Within the records below, find the line with "Image of Columbia" and the line with "Obama: În jumătate", then reproduce exactly those two lines and all lines between them, without any picture.

» Entries provided:
========

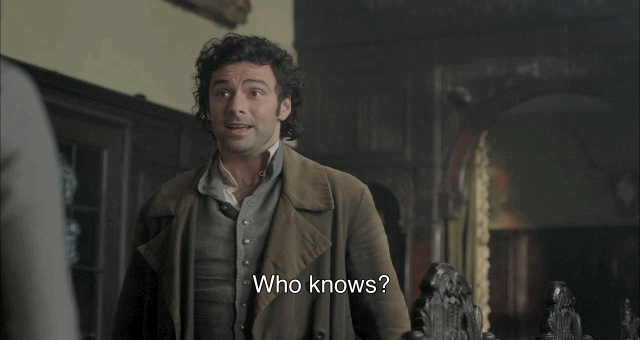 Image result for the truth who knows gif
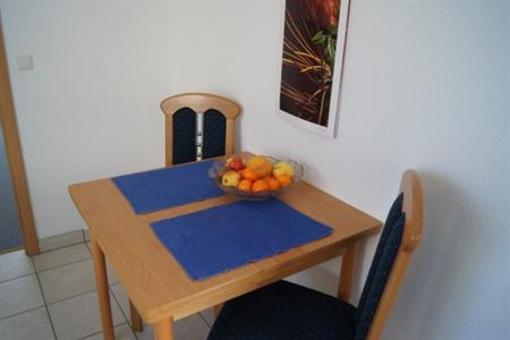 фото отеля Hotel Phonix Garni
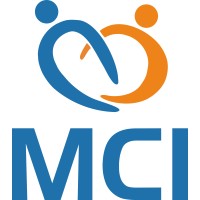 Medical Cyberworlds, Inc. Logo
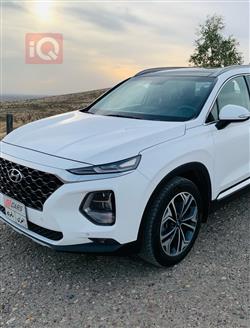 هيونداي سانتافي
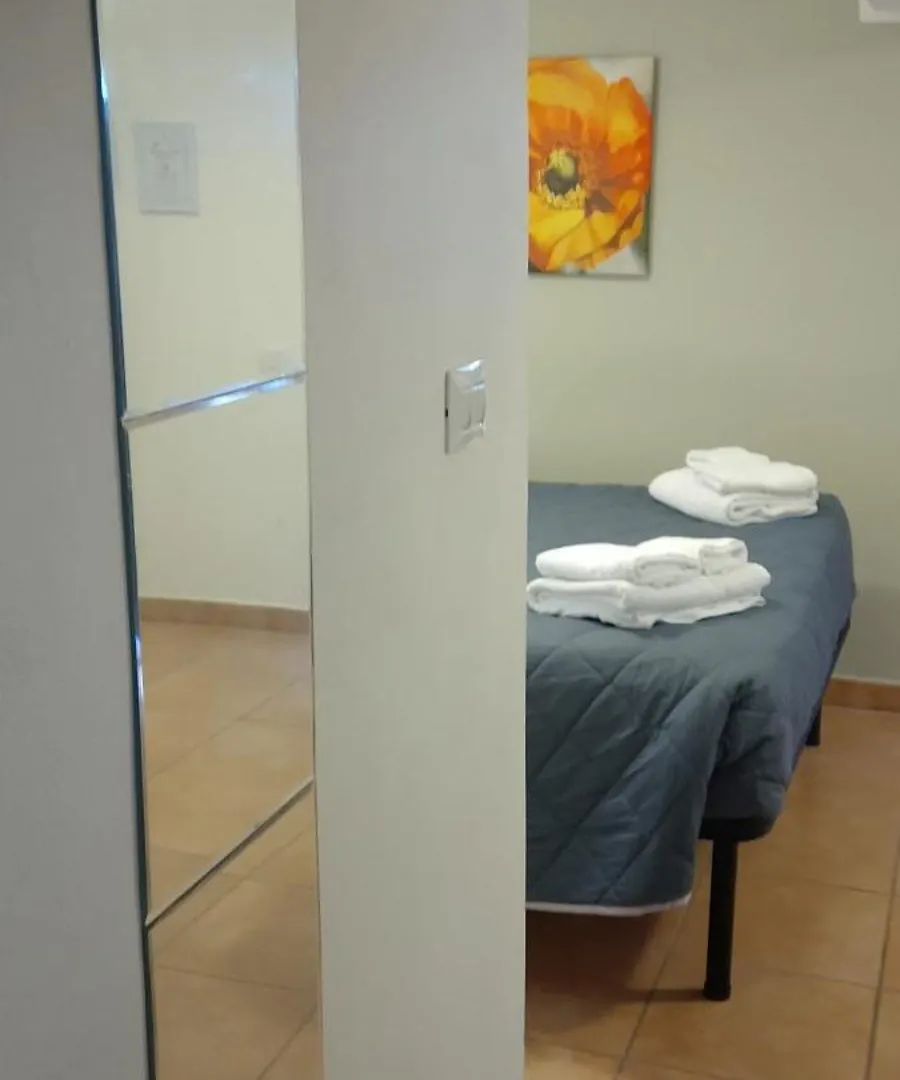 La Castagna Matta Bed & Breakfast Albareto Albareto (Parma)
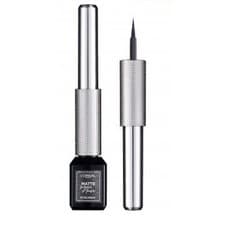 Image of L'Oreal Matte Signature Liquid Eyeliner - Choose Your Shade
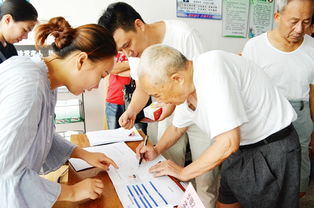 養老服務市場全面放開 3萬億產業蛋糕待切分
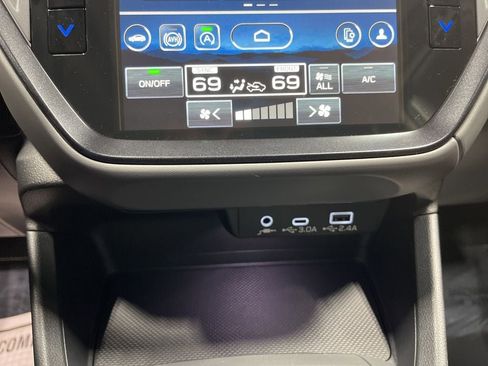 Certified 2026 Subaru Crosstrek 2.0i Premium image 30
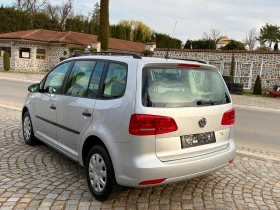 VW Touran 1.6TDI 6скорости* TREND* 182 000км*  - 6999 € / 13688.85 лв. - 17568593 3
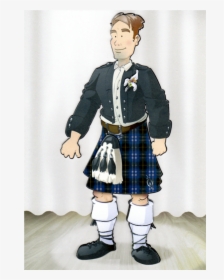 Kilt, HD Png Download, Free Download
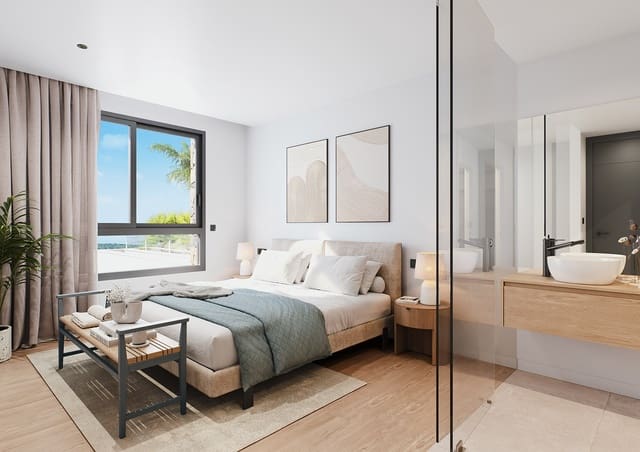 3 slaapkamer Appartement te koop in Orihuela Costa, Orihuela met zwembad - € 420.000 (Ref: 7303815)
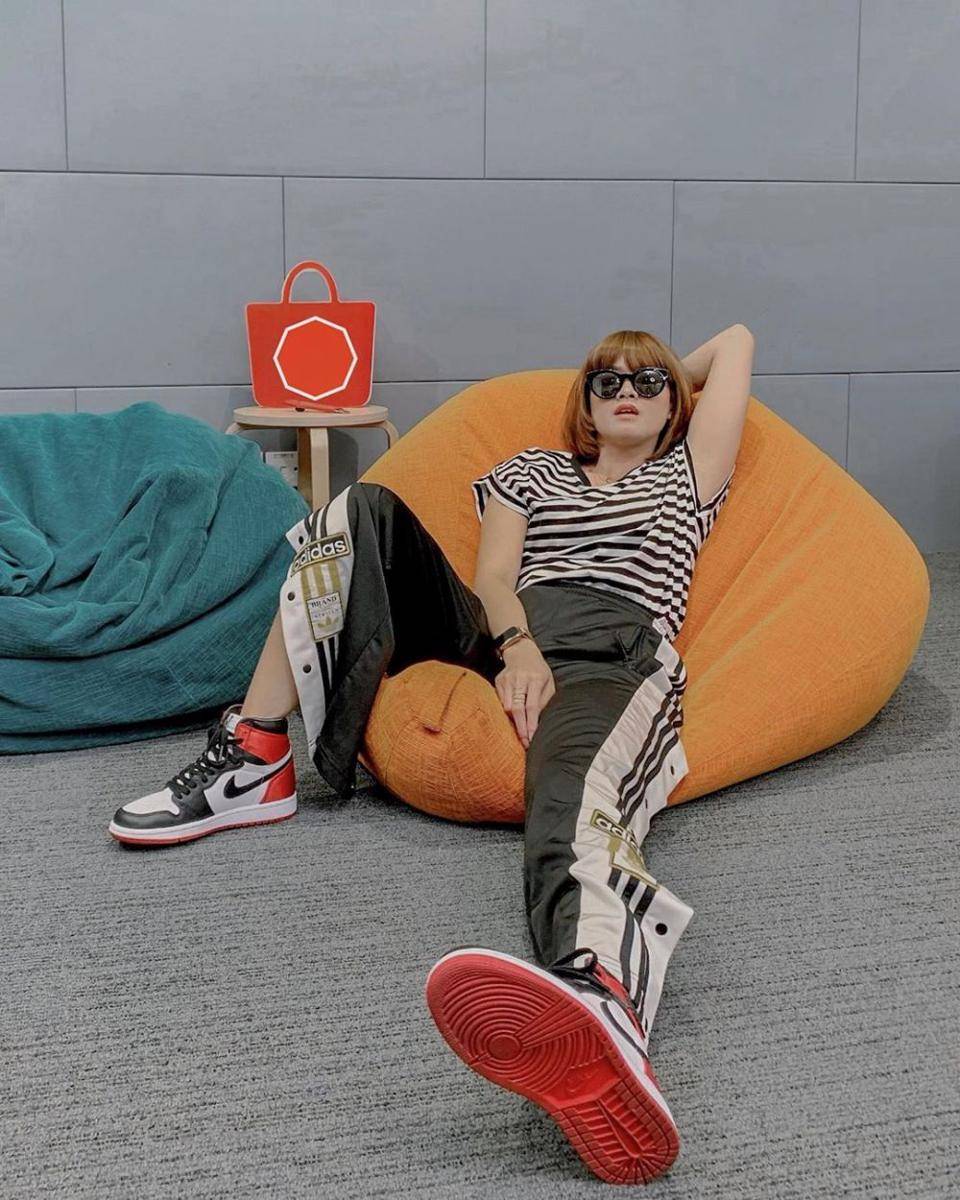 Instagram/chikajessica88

========

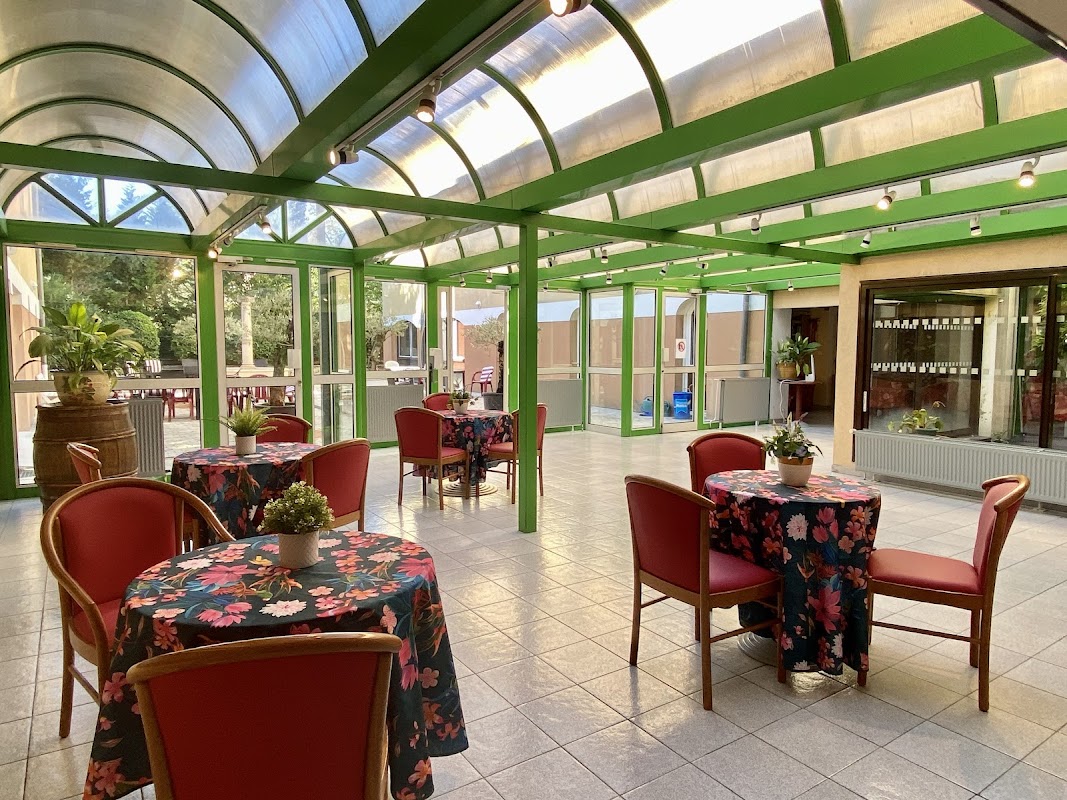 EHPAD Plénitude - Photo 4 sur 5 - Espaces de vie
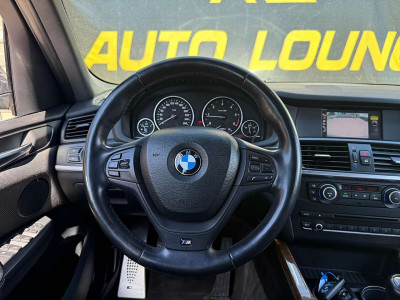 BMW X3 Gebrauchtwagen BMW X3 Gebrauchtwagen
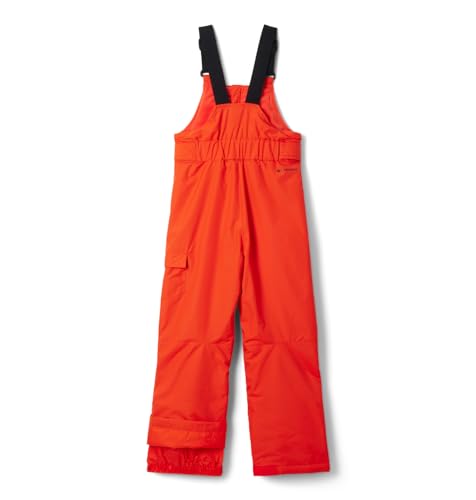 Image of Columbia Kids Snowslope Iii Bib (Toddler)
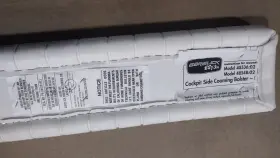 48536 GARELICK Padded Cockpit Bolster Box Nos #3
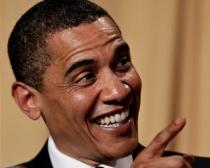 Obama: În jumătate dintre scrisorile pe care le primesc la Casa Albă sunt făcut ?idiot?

========

» Answer section:
 Image of Columbia Kids Snowslope Iii Bib (Toddler)
 48536 GARELICK Padded Cockpit Bolster Box Nos #3
 Obama: În jumătate dintre scrisorile pe care le primesc la Casa Albă sunt făcut ?idiot?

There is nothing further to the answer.